Keefer role in the film ends up being the one who lays the seeds in his fellow officers mind that the Caine's new Captain Queeg (Humphrey Bogart) is mentally unstable. MacMurray is really perfect in the role because although his character is devious from the start of Queeg's command, MacMurray shows it his eyes, but not in his way. When he tries to convince his other officers of the Captain's problems MacMurray is entirely convincing that he could sway them due to his charm that absolutely works for the character of Keefer.
When his true colors come out near the end of the film MacMurray is very good because he doesn't compromise the rest of his performance. In the moment where he even admits his pitiful actions, MacMurray is good in that he portrays the fact that Keefer still never seems to feel that much shame. MacMurray instead stays true to his self indulgent character who only really feels shame for the fact that he ended up being caught on his behavior. This is a good performance from MacMurray that succeeds in portraying well the tricky character of Keefer who needed to be a villain without ever seeming one.

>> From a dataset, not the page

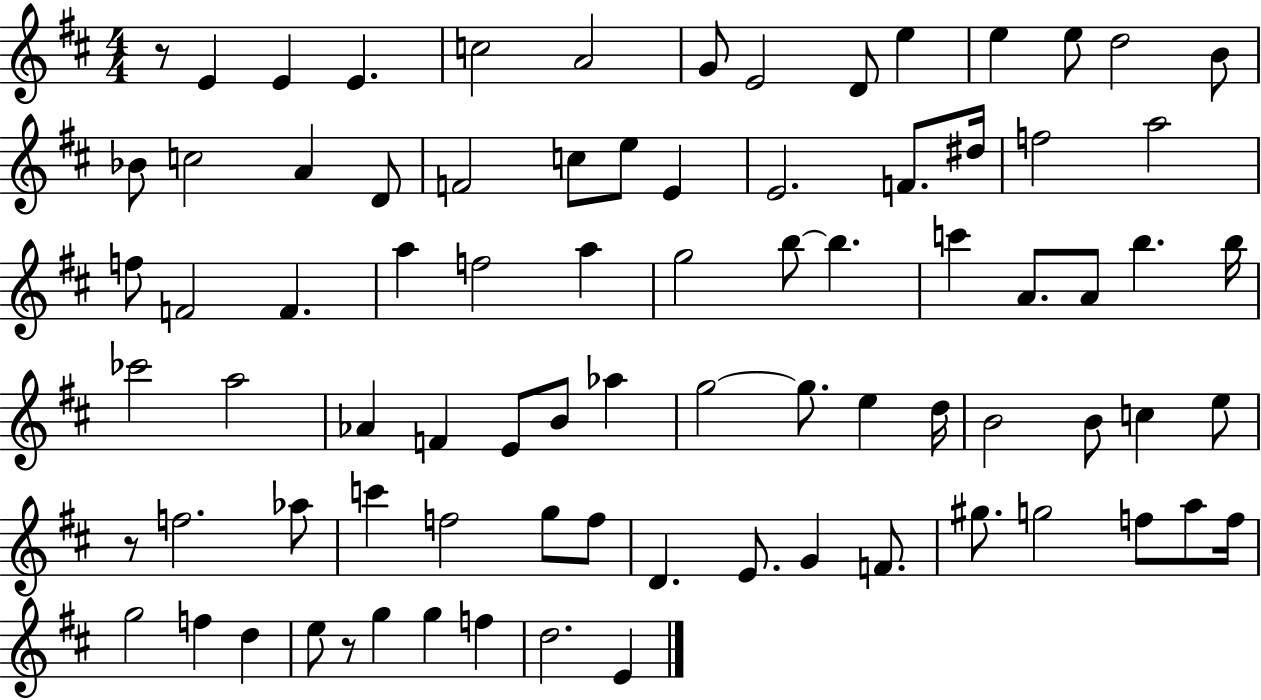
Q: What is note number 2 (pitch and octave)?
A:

Van Johnson who bears his very real scars in the film, which he usually covered up with makeup, realizes the character of Maryk beautifully. Johnson plays Maryk as a friendly officer who genuinely enjoys doing his duties on the ship, but as well takes his job with the appropriate seriousness. Johnson is pretty much the exact opposite of MacMurray's portrayal. Where MacMurray's portrayal was really one of underhanded cynicism, Johnson on the other hand is one of openness and honesty. He makes the positive aspects of his character of truthful, and easily makes Maryk the most likable character in the film.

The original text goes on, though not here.